§ What is required:
Print nothing but the lines below starting at the line that holds "IRELLC's tweet image." and ending at the line that holds "Polo Ralph Lauren Kids' Cable Stitch Sweater", including both, each exactly as written.

----- Material for this exercise

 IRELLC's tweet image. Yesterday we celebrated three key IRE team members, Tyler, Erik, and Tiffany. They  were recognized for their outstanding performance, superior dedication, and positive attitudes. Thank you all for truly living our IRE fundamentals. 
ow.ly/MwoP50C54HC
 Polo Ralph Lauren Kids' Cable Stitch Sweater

----------
----- Material for this exercise

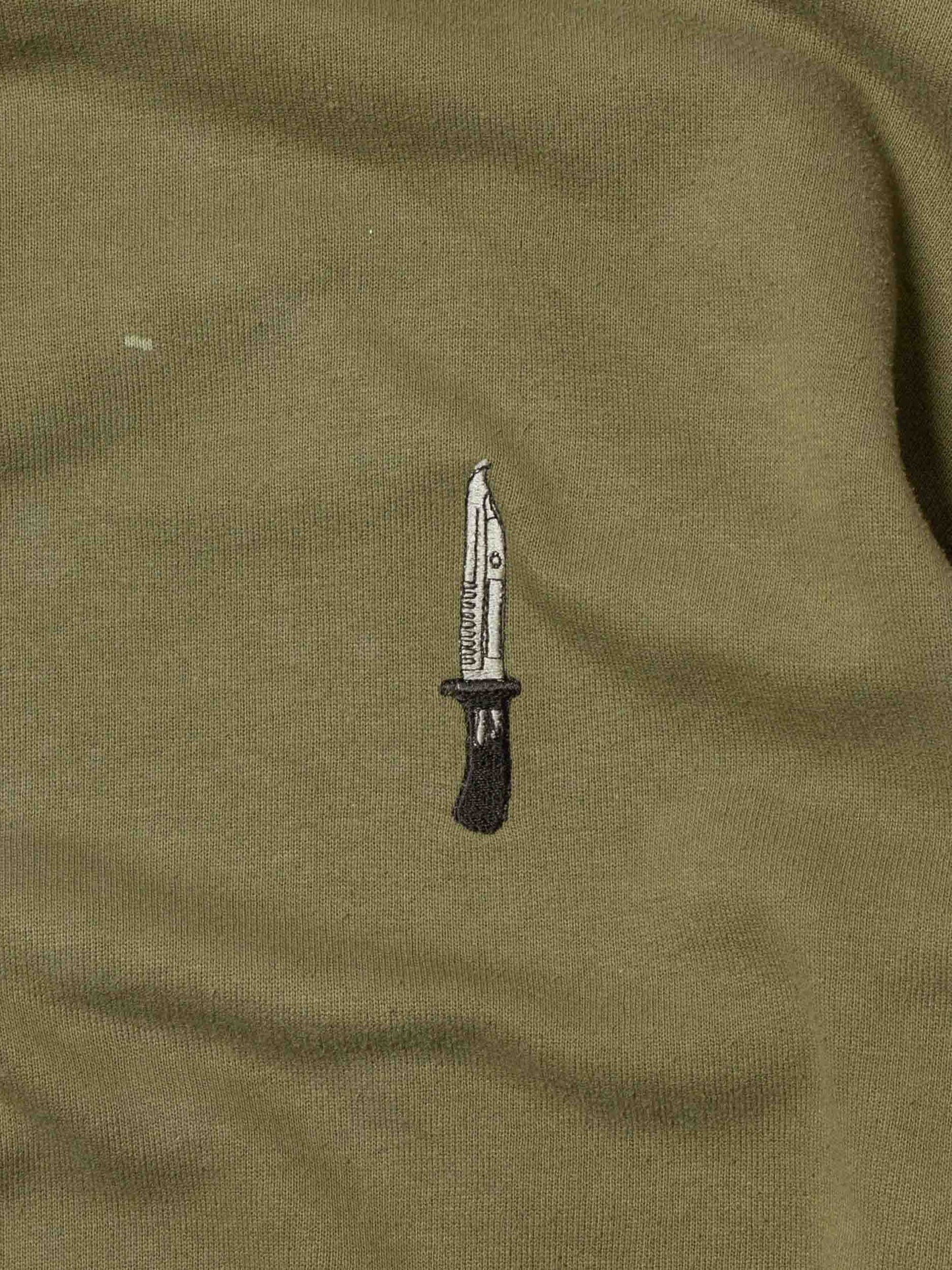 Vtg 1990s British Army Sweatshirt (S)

----------
----- Material for this exercise

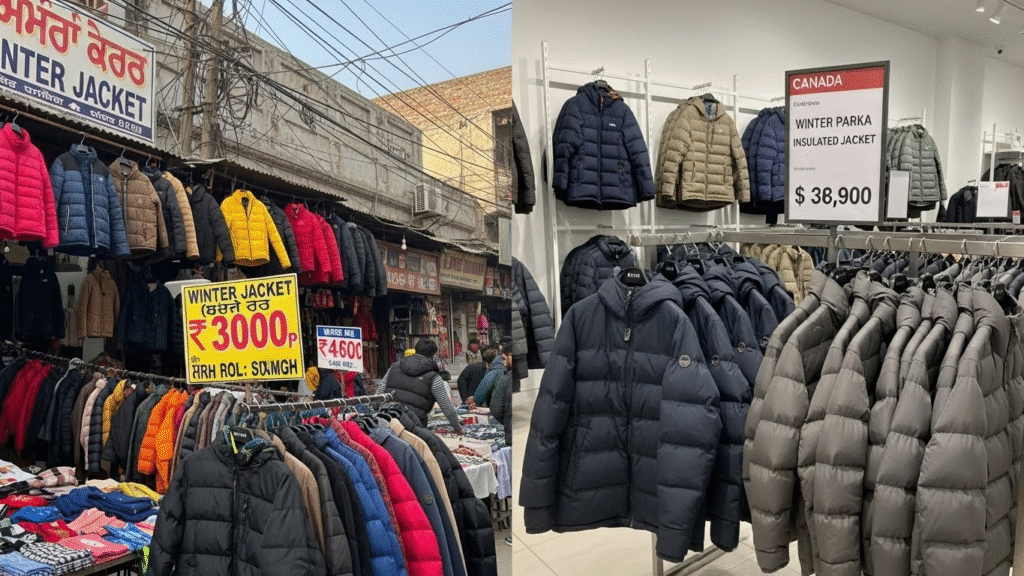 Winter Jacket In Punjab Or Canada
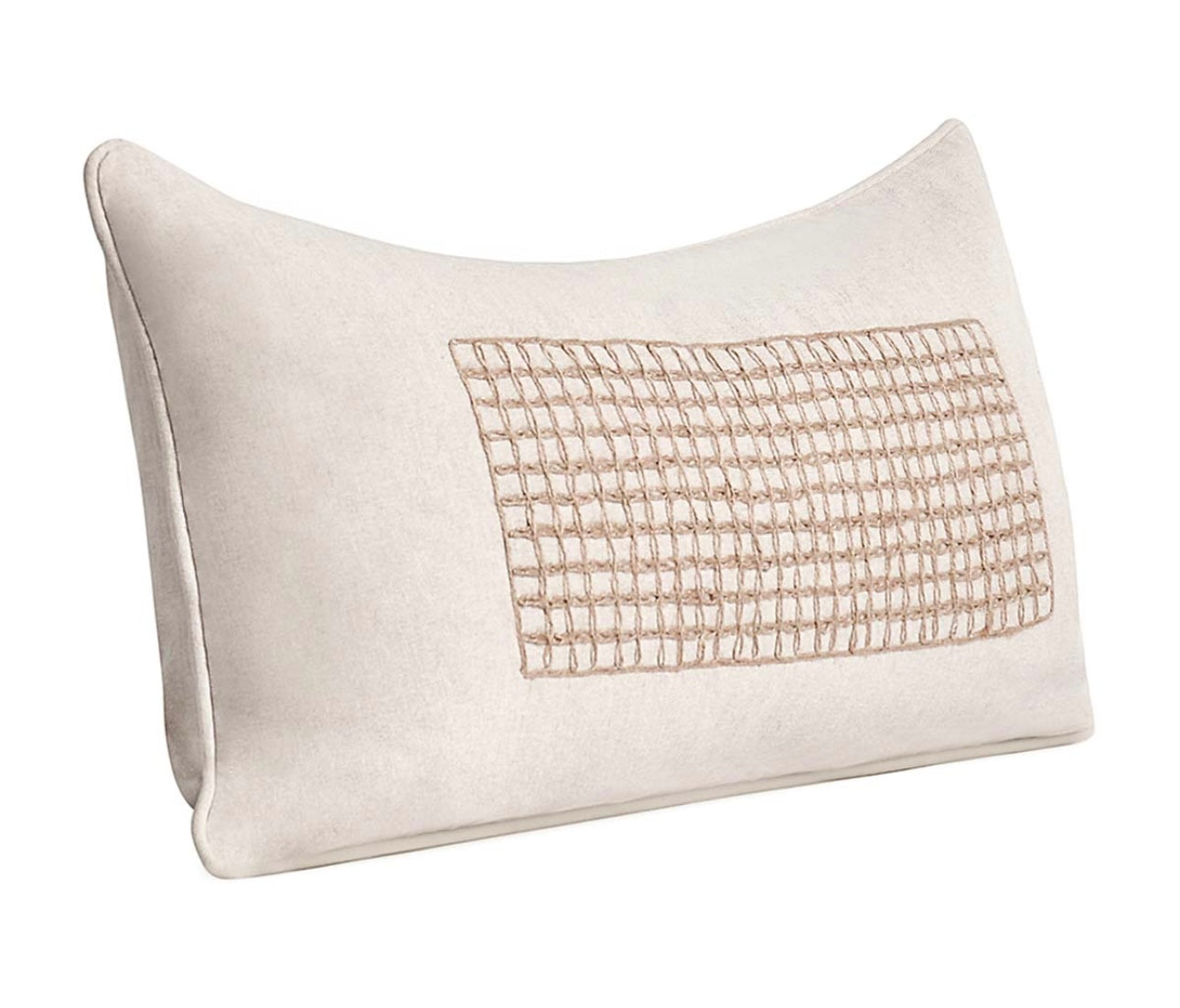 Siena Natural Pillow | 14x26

----------

§ Output of the task:
 IRELLC's tweet image. Yesterday we celebrated three key IRE team members, Tyler, Erik, and Tiffany. They  were recognized for their outstanding performance, superior dedication, and positive attitudes. Thank you all for truly living our IRE fundamentals. 
ow.ly/MwoP50C54HC
 Polo Ralph Lauren Kids' Cable Stitch Sweater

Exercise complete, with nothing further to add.